### LISTED RECORDS
+++

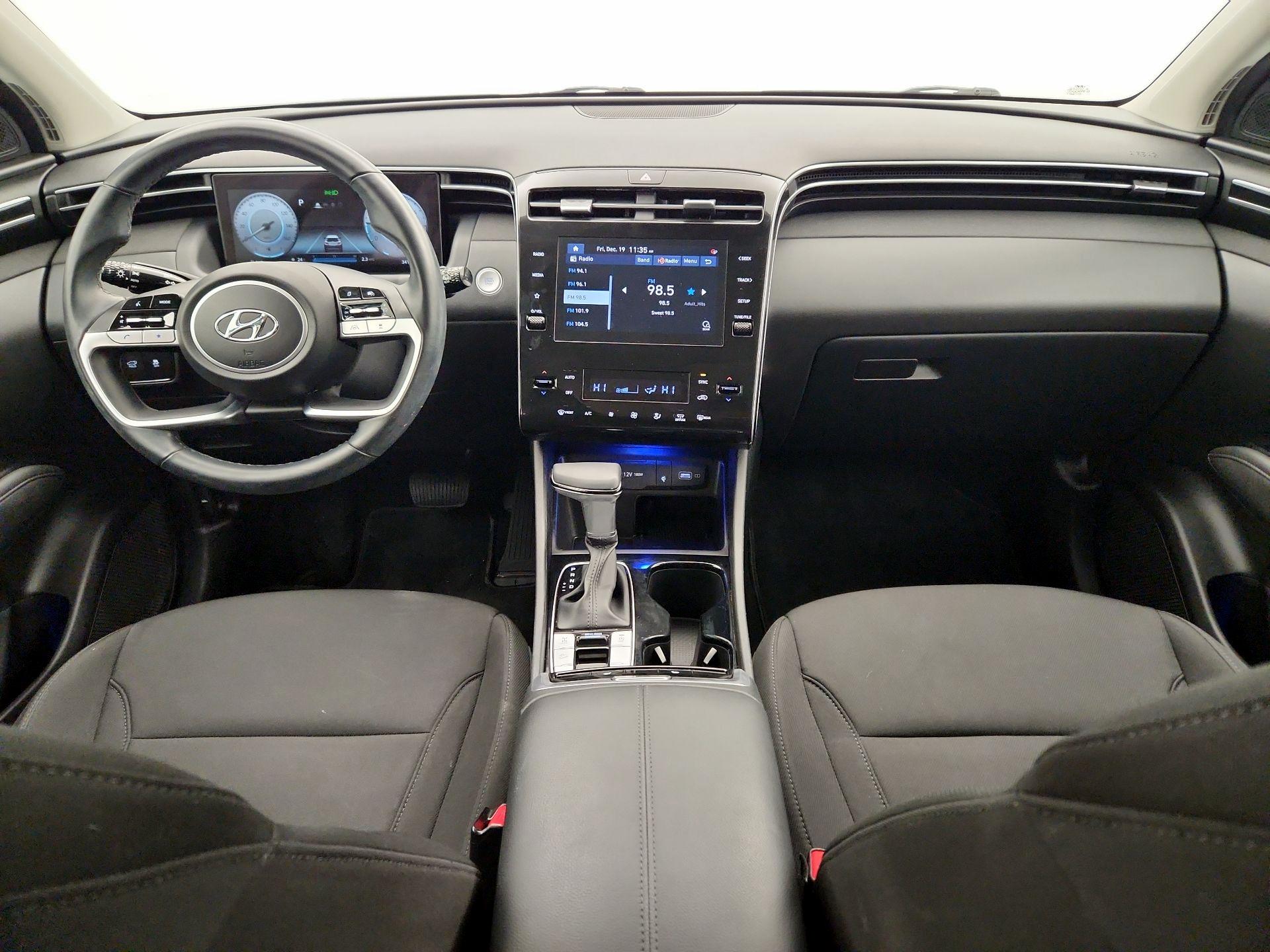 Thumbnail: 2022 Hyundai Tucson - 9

+++

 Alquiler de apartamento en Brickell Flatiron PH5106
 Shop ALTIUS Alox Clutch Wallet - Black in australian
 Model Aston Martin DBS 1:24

+++

### TASK INSTRUCTIONS
The lines above, starting at the one with "Shop ALTIUS Alox" and ending at the one with "Model Aston Martin DBS 1:24", are the only ones to return, exactly as written.

### ANSWER BOX
 Shop ALTIUS Alox Clutch Wallet - Black in australian
 Model Aston Martin DBS 1:24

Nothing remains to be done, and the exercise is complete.